An episode ends when either the evader is caught or the evader reaches it’s goal. By default a max_episode_steps limit of 100 steps is also set. This may need to be adjusted when using larger grids (this can be done by manually specifying a value for max_episode_steps when creating the environment with posggym.make).

Arguments

grid - the grid layout to use.
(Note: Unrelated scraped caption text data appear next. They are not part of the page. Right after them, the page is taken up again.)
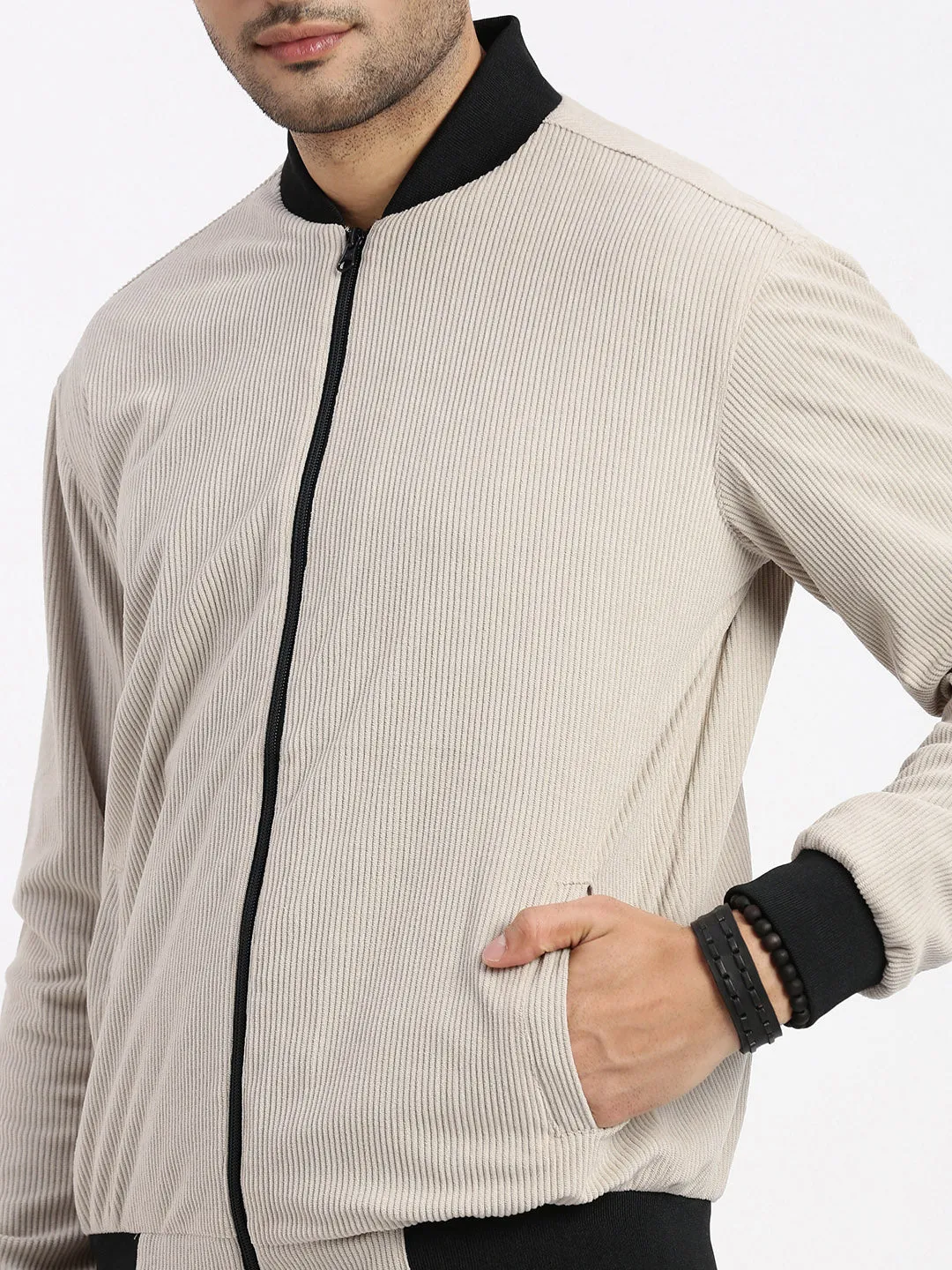 Men Beige Mandarin Collar Bomber Jacket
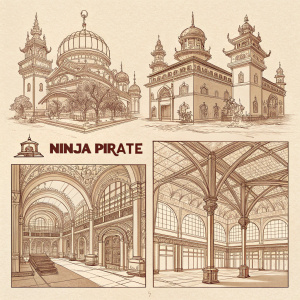Concept art for 'Ninja Pirate'. Detailed hand-drawn illustrations in brown ink. Depicting various architectural structures with intricate designs, high ceilings, and arches. Arranged in a grid layout, showcasing multiple perspectives.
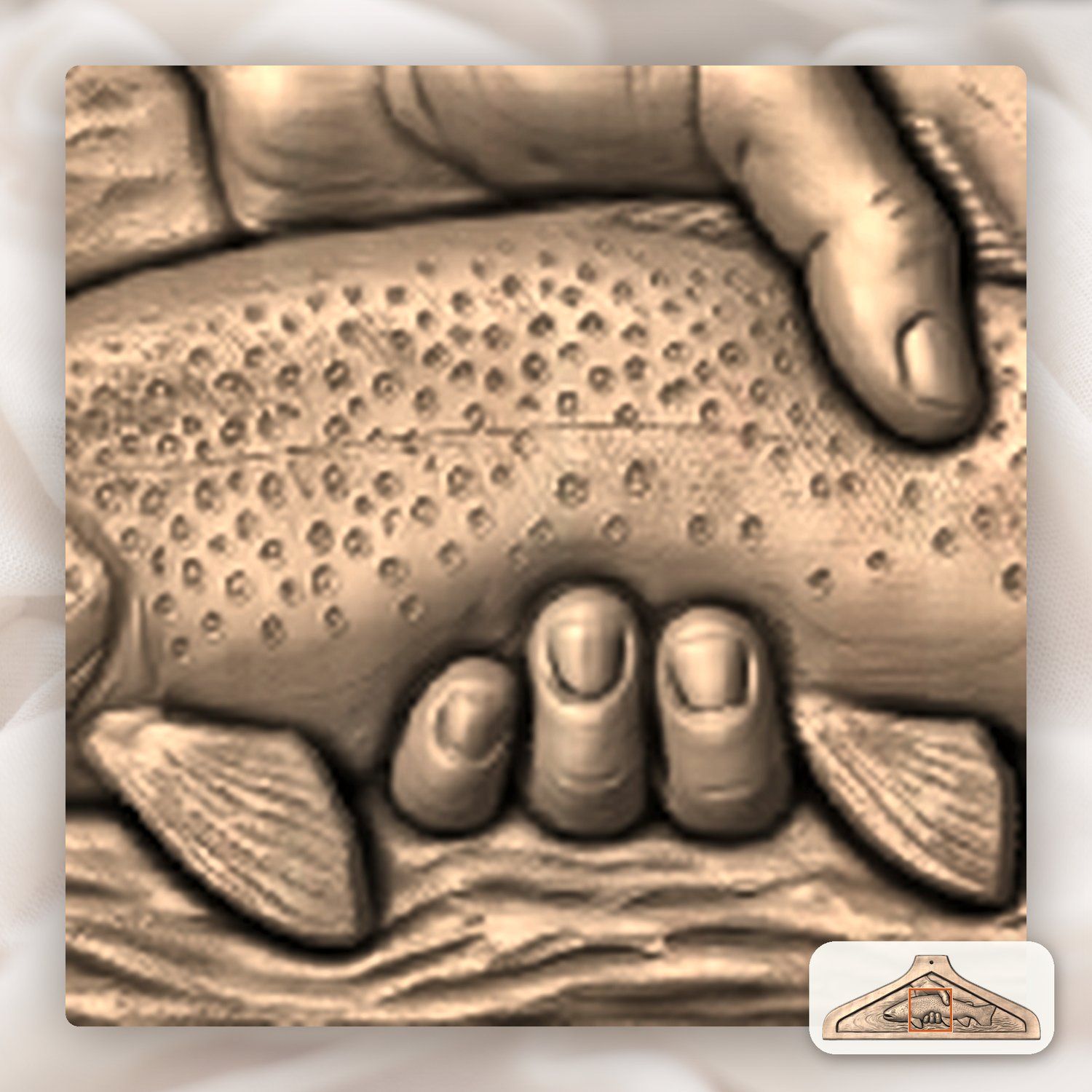 Coat Hanger Brown Trout Catch Fishing Scene CNC Relief STL bas-relief STL — view 10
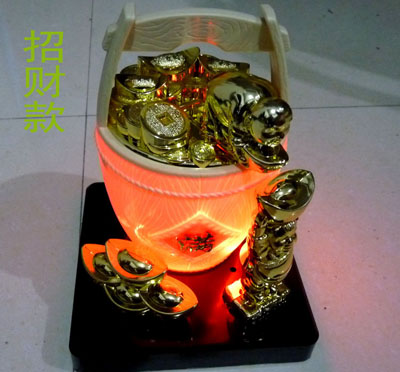 17*20cm（移动招财）音乐灯光财神爷 开业送礼招财娃娃酒桶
This can either be a string specifying one of the supported grids, or a custom :class:PEGrid object (default = "16x16").
max_obs_distance - the maximum number of cells in front each agent’s field of vision extends (default = 12).
use_progress_reward - whether to reward the evader agent for making progress towards it’s goal. If False the evader will only be rewarded when it reaches it’s goal, making it a sparse reward problem (default = ‘True`).

Available variants

The PursuitEvasion environment comes with a number of pre-built grid layouts which can be passed as an argument to posggym.make, to create different grids.

Grid name	Grid size
`5x5`	8x8
`16x16`	16x16
`32x32`	32x32

For example to use the PursuitEvasion environment with the 32x32 grid layout, and episode step limit of 200, and the default values for the other parameters you would use:

import posggym
env = posggym.make(
    'PursuitEvasion-v0',
    max_episode_steps=200,
    grid="32x32",
)

Version History

v1: Minor update, mainly removing unused parameters:
- removed action_probs parameter (actions are now always deterministic)
- removed normalize_reward parameter (rewards are now always normalized)
v0: Initial version

References

[This Pursuit-Evasion implementation is directly inspired by the problem] Seaman, Iris Rubi, Jan-Willem van de Meent, and David Wingate. 2018. “Nested Reasoning About Autonomous Agents Using Probabilistic Programs.” ArXiv Preprint ArXiv:1812.01569.
Schwartz, Jonathon, Ruijia Zhou, and Hanna Kurniawati. “Online Planning for Interactive-POMDPs using Nested Monte Carlo Tree Search.” In 2022 IEEE/RSJ International Conference on Intelligent Robots and Systems (IROS), pp. 8770-8777. IEEE, 2022.